Dieser Artikel ist ein Open Access-Artikel und steht unter den Creative Commons Lizenzbedingungen (http://creativecommons.org/licenses/by-nc-nd/3.0/deed.de). Er darf vervielfältigt, verbreitet und öffentlich zugänglich gemacht werden, vorausgesetzt dass Autor und Quelle genannt werden.


Gliederung

Text

Objective: Matrix metalloproteinase (MMP)-9 is known to degrade microvascular basal lamina proteins and, in a previous investigation, bilateral cortical expression has been demonstrated after experimental subarachnoid hemorrhage (SAH). The current study was conducted to clarify the role of the MMP-9 for the development of vasogenic cerebral edema after SAH.

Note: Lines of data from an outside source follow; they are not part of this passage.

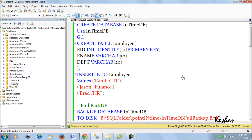In this session we learn how to restore a database to a particular point in time. Before we see the demonstration on point-in-time restore, I would advise that for a point-in-time restore to work, your database should be in the full recovery model. There are three different recovery models: full, bulk-logged, and simple.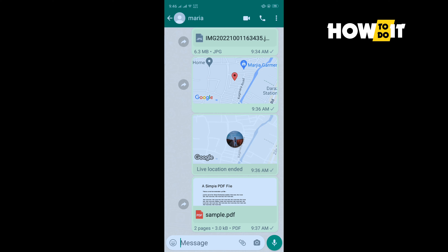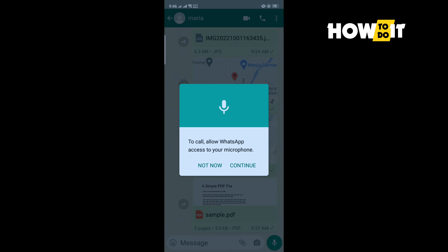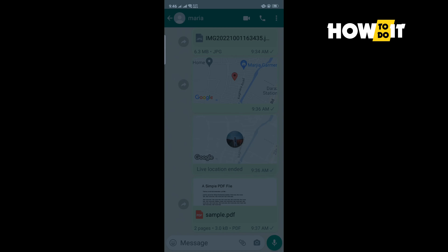Third, any messages sent to a contact who has blocked you will always show one check mark and never show a second check mark — the second check mark means the message was delivered. The last indicator is that any calls you attempt to place will not go through.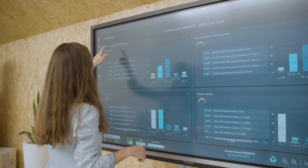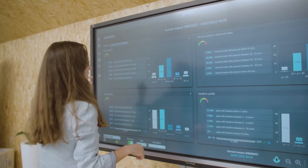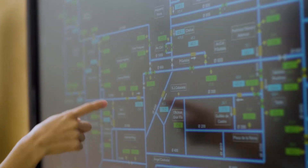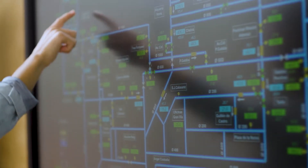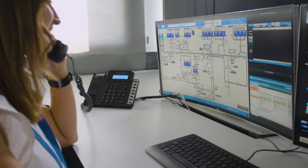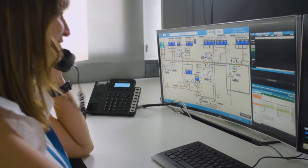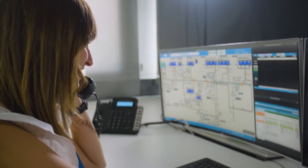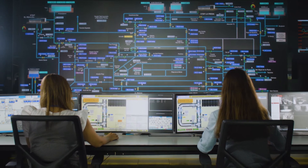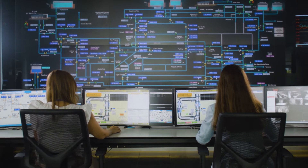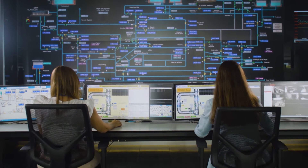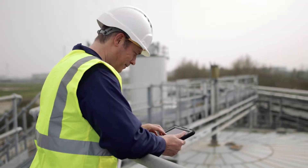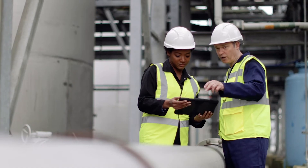The GoAigua Water Twin Ace solution provides a digital twin of drinking water networks in real-time. It is a useful tool for planning, operation and maintenance tasks, including the implementation of master plans and emergency action plans, new infrastructure design, field work planning and operator training.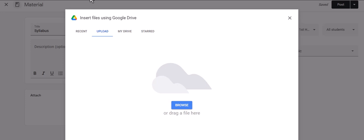After I have selected my document, Google Classroom automatically changes the document into a Google Drive file. It does not have to start as a Google Drive file. It can just be a document that you have on your computer like the one that I had.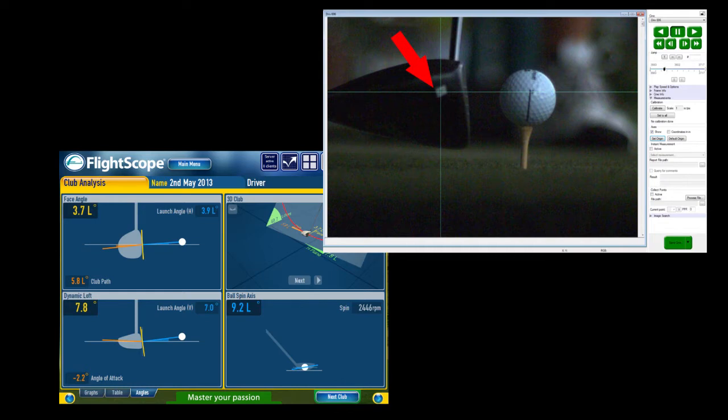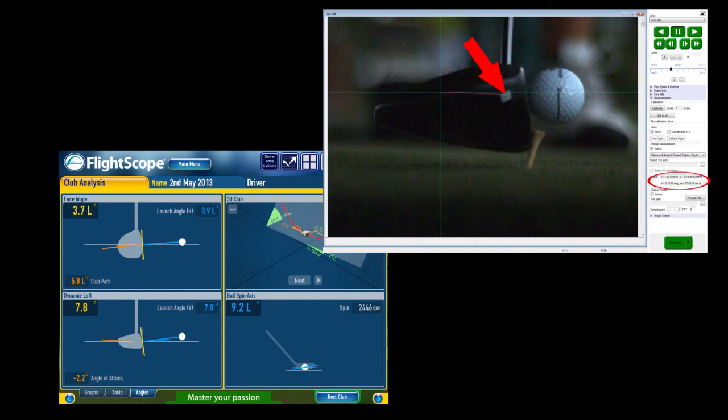Now let's fast forward a few frames till just before the ball leaves the club face. Using the same marker again, we can define the exit point.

Methods: 6 week old FVB/N (controls, n=18) and MMP-9 knock-out (-/-) mice (n=19) were anesthetized, intubated and mechanically ventilated after random allocation. The SAH was induced by endovascular puncture. Intracranial pressure (ICP, parenchymal probe) and cerebral blood flow (CBF, Laser-Doppler flowmetry) were continuously measured from 15 minutes before until 30 minutes after SAH. Mortality, neurological function and postoperative weight gain were quantified over a period of 3 days after SAH. Subsequently, ICP measurement was repeated and animals were sacrificed to quantify bilateral brain water content by the wet-dry method. All experimental steps and the data analysis were carried out by a blinded investigator.

Results: ICP and CBF did not differ between groups in the first 30 minutes after SAH. Mortality was 42% in the control group and 14% in the MMP-9 -/- group, respectively (p=0.093). The neurological function was significantly better in MMP-9 -/- mice (p<0.05) compared to control mice on postoperative day 2. 72 hours after SAH, ICP (p<0.001) and ipsilateral brain water content (p<0.05) were significantly reduced in MMP-9 knock-out mice compared to control mice.

Conclusions: Basal lamina protein degrading MMP-9 is involved in the development of vasogenic cerebral edema after experimental SAH. Thus, pharmacological inhibition of MMP-9 might be a future candidate for the treatment of post-hemorrhagic cerebral edema.